1930 AJS R7 Racing Motorcycle
Frame no. 145 359R
Engine no. 145 359R
Produced in Wolverhampton, England, the first AJS machines were sidevalve-engined lightweights offered with belt-drive transmission or optional all-chain drive with a two-speed countershaft gearbox. This latter feature enabled them to put up a good showing in the Isle of Man TT's new Junior Class for 350cc machines, an event AJS would later dominate with its famous 'Big Port' racers. By the late 1920s the 'Big Port' was nearing the end of its development, and in 1927 AJS's works race bikes appeared with a new overhead-camshaft engine. Instead of the customary shaft and bevel gears, the camshaft was chain driven, its distinctive cast-alloy case extending forwards to the front-mounted magneto. After initial lubrication problems had been sorted out, works rider Jimmy Simpson rode the 350cc version to victory in the Belgian, Swiss, Austrian and European Grands Prix in 1927. A catalogued model from 1928, the 'cammy' AJS was built in 350cc (K7) and 500cc (K10) capacities initially, customer versions being equipped with three-speed gearboxes rather than the works bikes' four-speed units. Both models were extensively improved for 1929, boasting redesigned frames, Webb forks, a stronger crankcase, different camshaft, larger brakes, a four-speed gearbox and the fashionable saddle tank. By the season's end the 350cc model (now designated 'M7') had chalked up victories in the German TT and the Grands Prix of Austria, Ulster and Europe. A 250cc version followed, Jimmy Guthrie winning the Lightweight TT on one in 1930. By this time Freddie Hicks had been hired as AJS's No.1 works rider and his renowned development skills had resulted in further improvements to the factory bikes, which scored 350-class wins at the Dutch TT and the Grands Prix of Germany, Austria, France and Ulster. Sadly, AJS's worsening financial situation curtailed further development, and although cammy S7 and S10 models were listed for 1931, production ceased later that year when the company was taken over by Matchless.

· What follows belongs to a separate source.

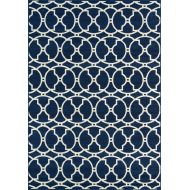 Momeni Rugs BAJA0BAJ11NVY2346, Baja Collection Contemporary Indoor & Outdoor Area Rug, Easy to Clean, UV protected & Fade Resistant, 23 x 46, Navy Blue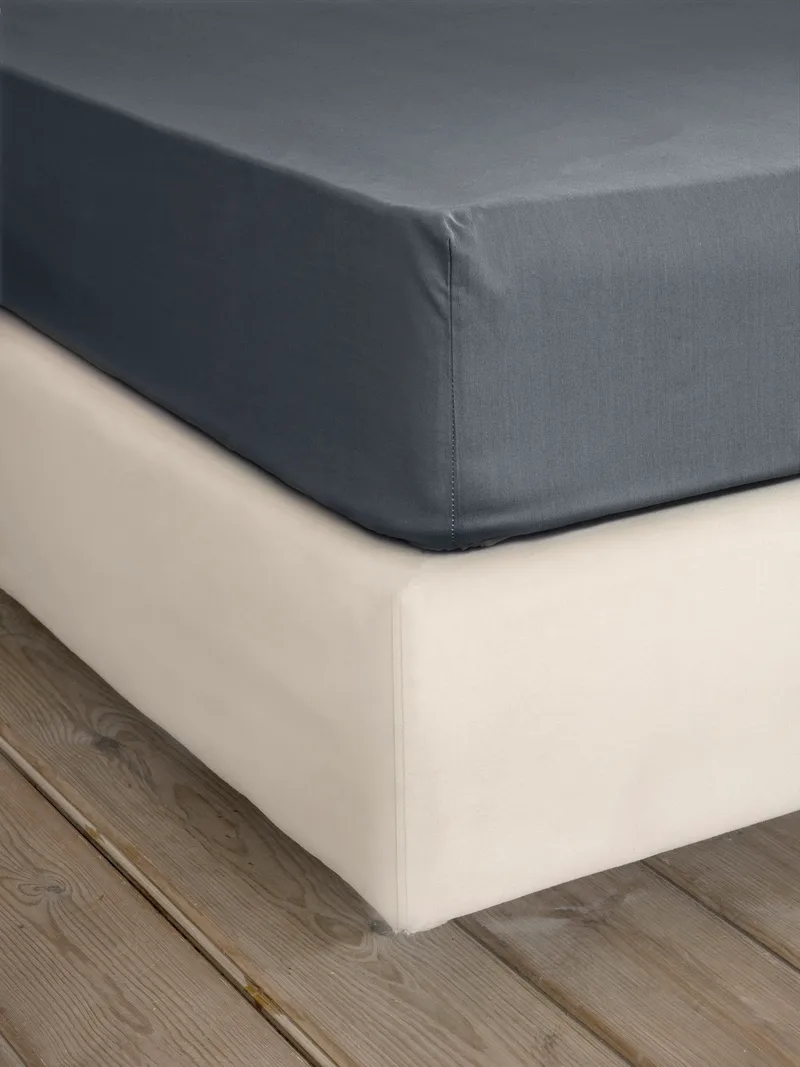 Σεντόνι Υπέρδιπλο με Λάστιχο Nima Unicolors Midnight Gray 165x205+35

A 1930 model (as indicated by the 'R' frame/engine number suffix) this cammy AJS was previously registered 'KW 9121' in the UK (the registration being issued in Bradford, West Yorkshire) though nothing is known of its early history there. The machine subsequently passed to the Daytona Speedway Museum and in the 1990s was acquired by Team Obsolete, who reconditioned the engine and fitted new tires. It is missing the shift mechanism and instruments, and needs a full cosmetic restoration. Offered with bill of sale.
- Please note the revised estimate is $10,000-$15,000.
Please note that the correct frame and engine numbers for this motorcycle are R145259 and 145259R respectively.